The Ashington Group: A North of England Men’s Shed for Artistic Miners

Local history, Visual Arts

One of the more novel art genres to emerge in the first third of last century was the “Pitman Painters” phenomenon in northern England. Known as the Ashington Group, these were a small collective of unionised mine workers in county Northumberland who approached their local Workers’ Educational Association (WEA) seeking out tuition in new areas of education. Initially the pitmen were hoping WEA could find a economics professor to tutor them in the “dismal science”. When none could be arranged, their interest switched to learning painting and drawing.

‘Coal Face’, Jimmy Floyd (1947) (Credit: Woodhorn Museum)

Artist and WEA teacher Robert Lyon took on the task of teaching the miners—mainly from the Woodhorn and Ellington collieries—all of whom had no formal art training. The workers however didn’t take to dry lectures on the Classical and Renaissance art, so Lyon adopted a more pragmatic approach of teaching the miners the basics of drawing and painting. Lyon advised the miners to simply “paint what they knew” ‘Ashington Group of Pitmen Painters’, Artist Biographies, www.artblogs.co.uk.

‘Coal-Face Drawers’, Oliver Kilbourn (1950) (Image: TUC150.tuc.org.uk)

In 1934 the workers formed themselves into a small society of miner-artists who met weekly to paint and discuss their work. Most of the small group were adherents of the political platform of the Independent Labour Party) (‘Ashington Group’, Wikipedia). The Ashington men even wrote their own constitution, setting out the regulations each of the members had to abide by, including a commitment to the establishment of a permanent collection of their work (” ‘An Experiment in Art Appreciation’: The WEA and the Ashington Art Group”, Marie-Therese Maybe, North East History, Vol 37 2006, www nelh.net).

‘Pithead Baths’, Oliver Kilbourn (1939) (Credit: Woodhorn Museum)

With guidance from Lyon and support from patrons, especially from celebrated collector Helen Sutherland, the group got to observe ‘professional’ art in galleries – Newcastle, London (Tate and National Galleries), etc. Absorbing the influences of professional art, the group of amateur artists increasingly focused on local subjects from their lives and their environs. They also experimented with art forms and styles…trying sculpture, dabbling in abstraction, but ultimately they stuck with social realism, painting mostly in a naive style.

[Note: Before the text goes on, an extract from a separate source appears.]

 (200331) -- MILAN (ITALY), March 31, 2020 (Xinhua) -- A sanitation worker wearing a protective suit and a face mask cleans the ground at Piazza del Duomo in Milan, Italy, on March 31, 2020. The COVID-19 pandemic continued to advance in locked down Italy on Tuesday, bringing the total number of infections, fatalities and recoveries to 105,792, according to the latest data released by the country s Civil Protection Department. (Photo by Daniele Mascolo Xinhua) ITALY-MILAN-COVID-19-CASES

In the communal environment of the group hut members critically evaluated each other’s work.

L Brownrigg, ‘The Miner

The Ashington colliery was situated in what some called “the largest coal-mining village in the world”, (‘Celebrating 150 proud years of Ashington, in Northumberland – in 10 archive photos’, Chronicle Live, David Morton, 05-Oct-2017, www.chroniclelive.co.uk). The achievement collectively of the mine workers was to capture their lived experience accurately and truly on canvas, showing the severity of life in the pits. Devoid of sentimentality, the paintings depict the day-to-day reality of gruelling, dirty, backbreaking work, an experience that outsiders have no familiarity with, eg, Leslie Brownrigg’s ‘The Miner’ conveys the deprivations of the tunnel ‘hewer’, labouring away in ultra-cramped, severely restricted space, “crouching semi-naked within the tomb-like shafts” (Mayne). Painting their own lives, the pitmen “testified to a familiarity that no one else from trained art backgrounds could truly understand” (Ashington Group of Pitmen Painters).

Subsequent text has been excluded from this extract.